> _Exercise_: From the data below, please reproduce exactly everything from the line that contains "Женская кожаная сумка" down to the line that contains "Inserts pour collection", with both ends included.

> _Data section_:
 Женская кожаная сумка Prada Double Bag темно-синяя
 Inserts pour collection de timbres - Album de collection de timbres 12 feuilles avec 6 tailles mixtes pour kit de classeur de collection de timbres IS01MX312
==
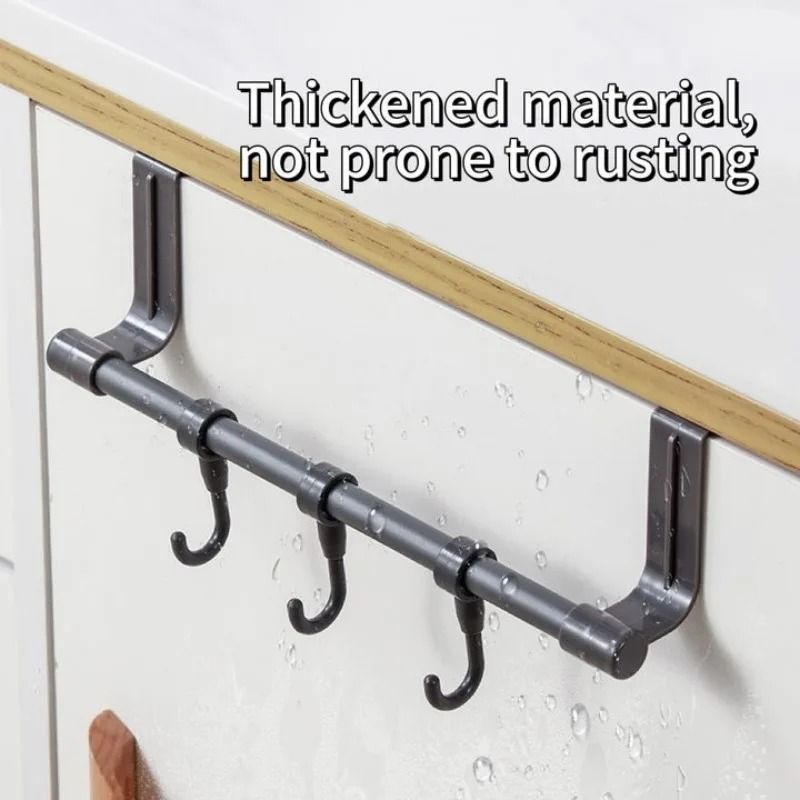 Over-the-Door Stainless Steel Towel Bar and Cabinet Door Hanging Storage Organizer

> _Completed exercise_:
 Женская кожаная сумка Prada Double Bag темно-синяя
 Inserts pour collection de timbres - Album de collection de timbres 12 feuilles avec 6 tailles mixtes pour kit de classeur de collection de timbres IS01MX312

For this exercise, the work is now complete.